Nothing should appear in the answer except the lines below from the line containing "1 Bedroom Property" through the line containing "Лыжные ботинки nnn", copied exactly, with pictures left out.

Source material:
┌──

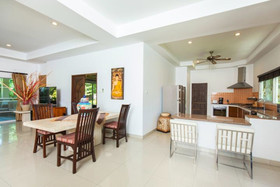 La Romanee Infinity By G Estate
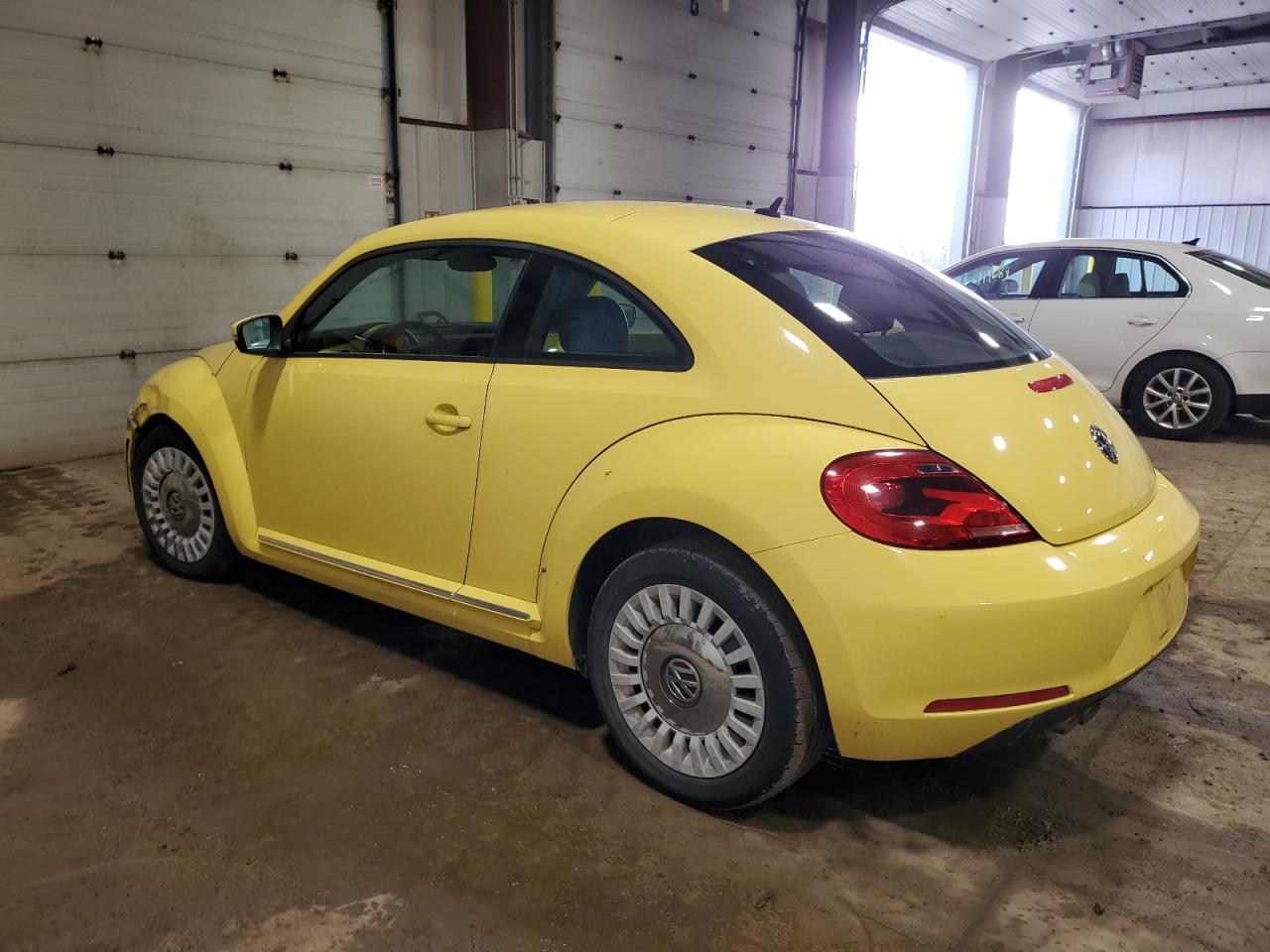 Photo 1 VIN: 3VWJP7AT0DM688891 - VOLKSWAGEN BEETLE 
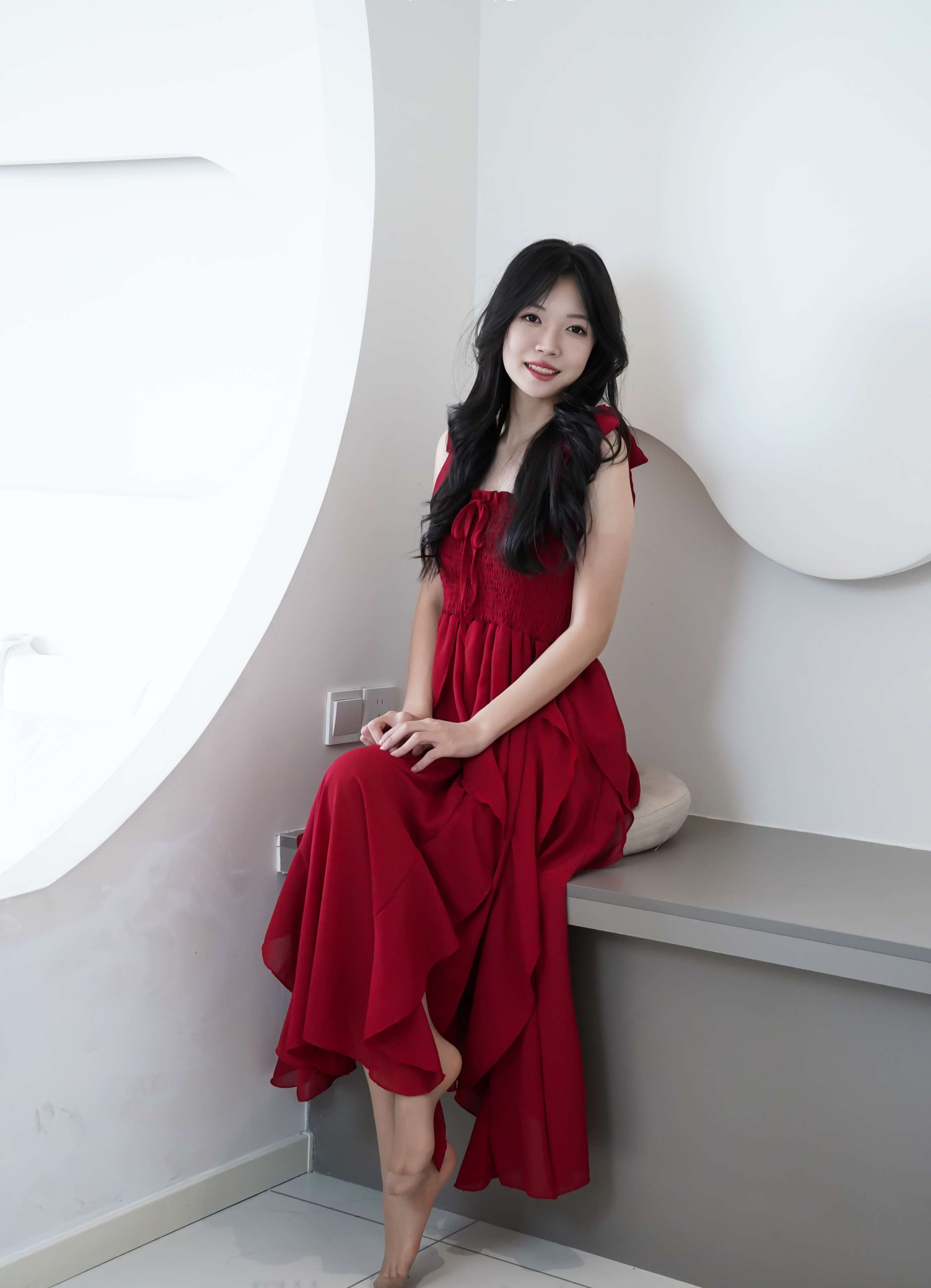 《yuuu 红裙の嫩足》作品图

└──
┌──

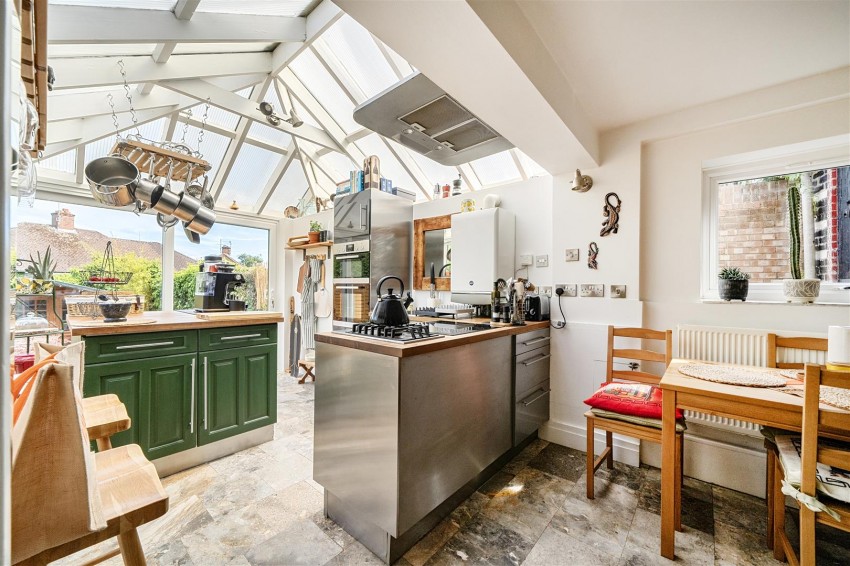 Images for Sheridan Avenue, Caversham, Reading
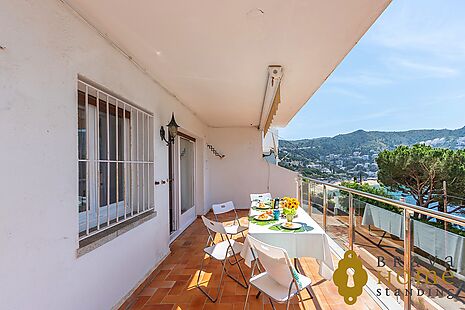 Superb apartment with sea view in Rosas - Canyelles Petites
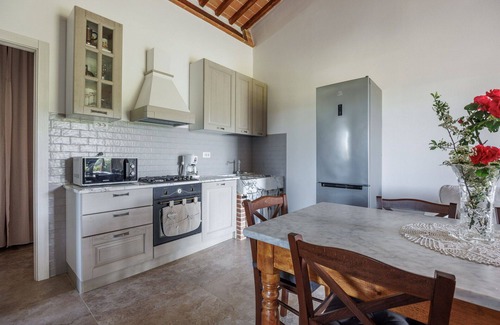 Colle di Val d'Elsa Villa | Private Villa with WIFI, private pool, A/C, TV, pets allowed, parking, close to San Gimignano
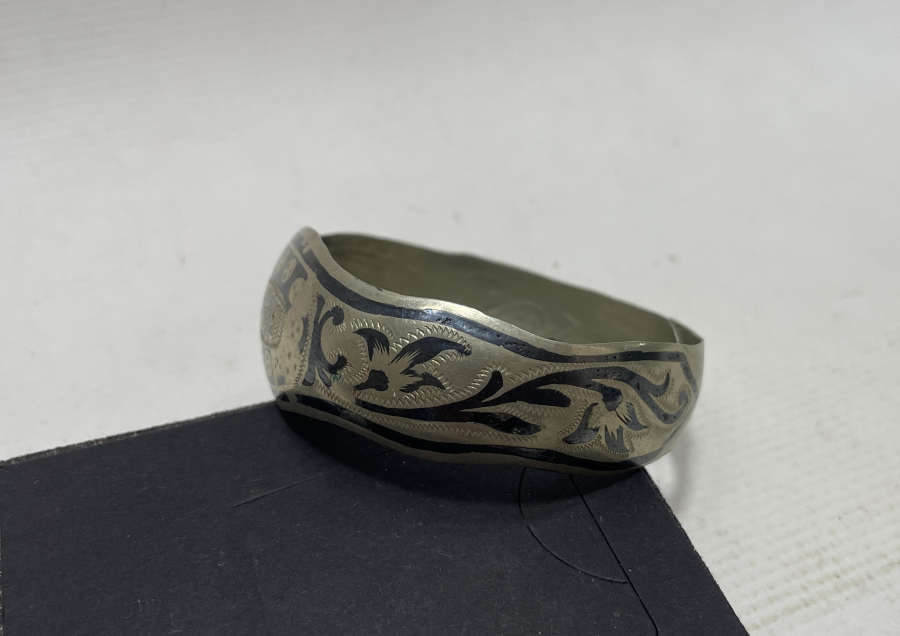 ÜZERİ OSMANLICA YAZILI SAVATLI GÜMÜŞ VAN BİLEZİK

└──
┌──

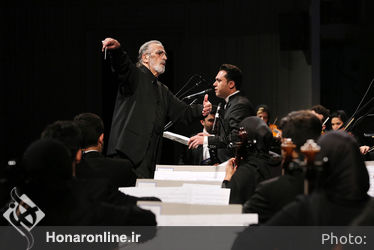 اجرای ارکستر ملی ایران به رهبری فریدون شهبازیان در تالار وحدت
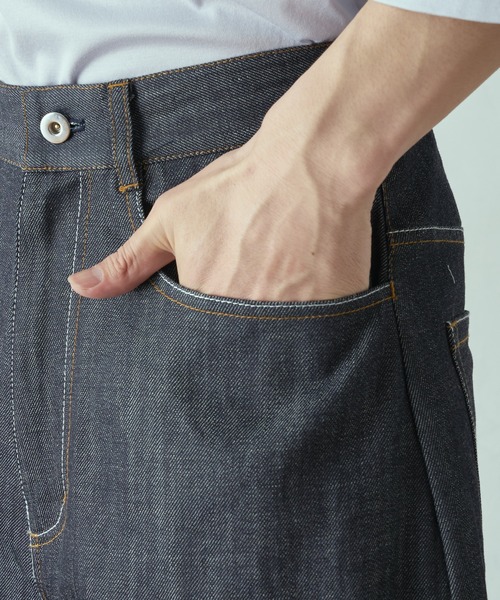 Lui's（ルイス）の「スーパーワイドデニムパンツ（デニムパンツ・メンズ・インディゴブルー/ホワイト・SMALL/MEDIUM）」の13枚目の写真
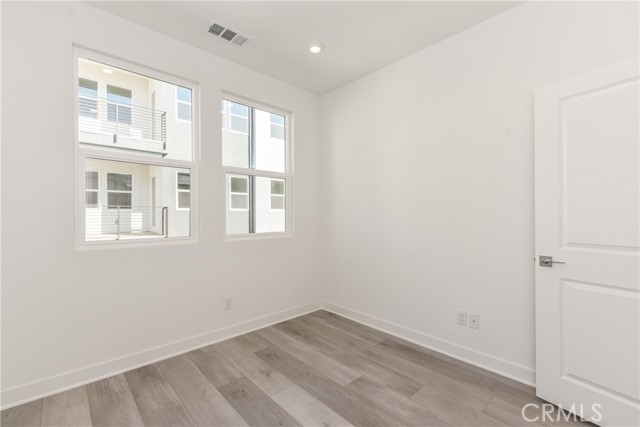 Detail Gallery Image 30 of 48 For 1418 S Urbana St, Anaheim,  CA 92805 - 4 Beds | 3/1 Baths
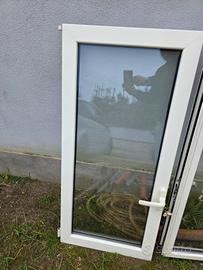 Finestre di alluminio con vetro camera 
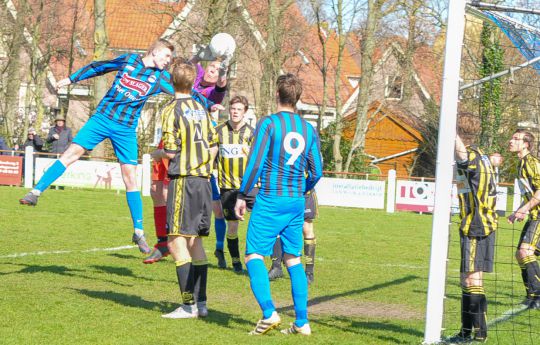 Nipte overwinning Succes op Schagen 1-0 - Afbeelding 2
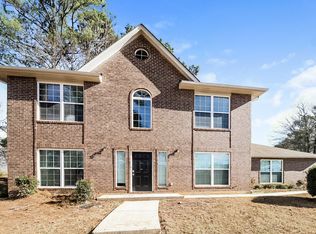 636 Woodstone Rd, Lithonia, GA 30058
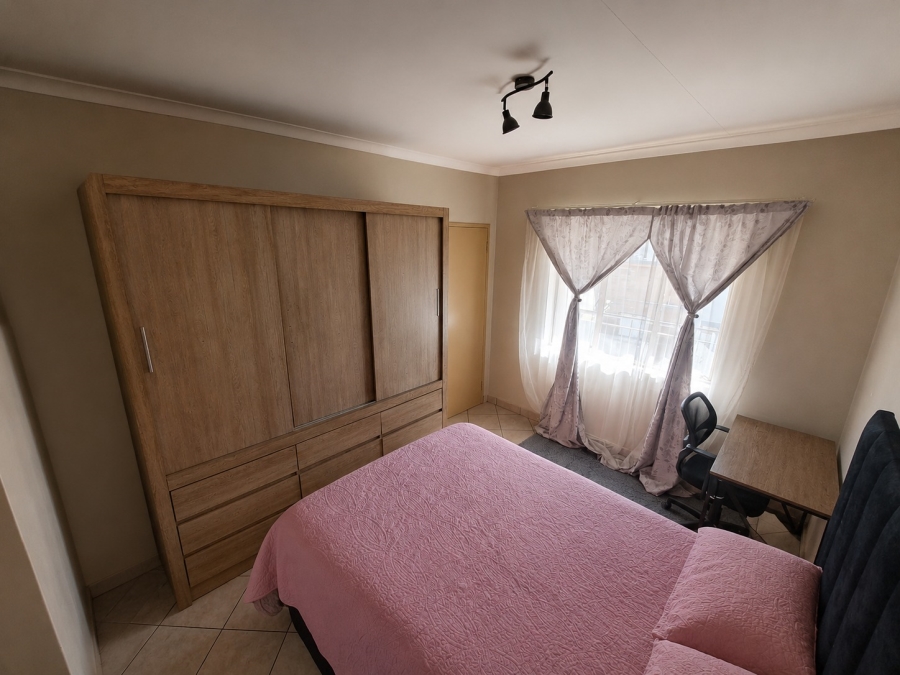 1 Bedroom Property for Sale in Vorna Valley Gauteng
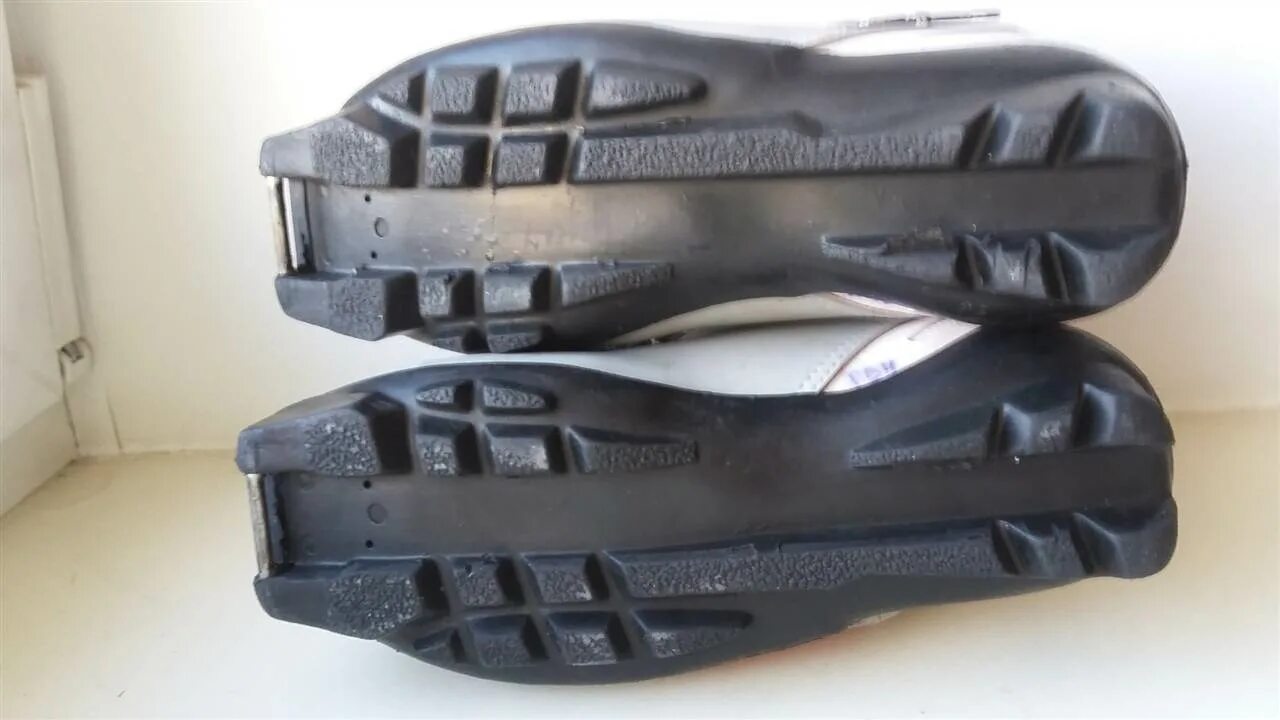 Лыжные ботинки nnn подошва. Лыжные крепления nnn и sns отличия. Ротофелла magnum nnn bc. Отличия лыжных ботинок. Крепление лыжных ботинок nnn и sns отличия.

└──

Response to the task:
 1 Bedroom Property for Sale in Vorna Valley Gauteng
 Лыжные ботинки nnn подошва. Лыжные крепления nnn и sns отличия. Ротофелла magnum nnn bc. Отличия лыжных ботинок. Крепление лыжных ботинок nnn и sns отличия.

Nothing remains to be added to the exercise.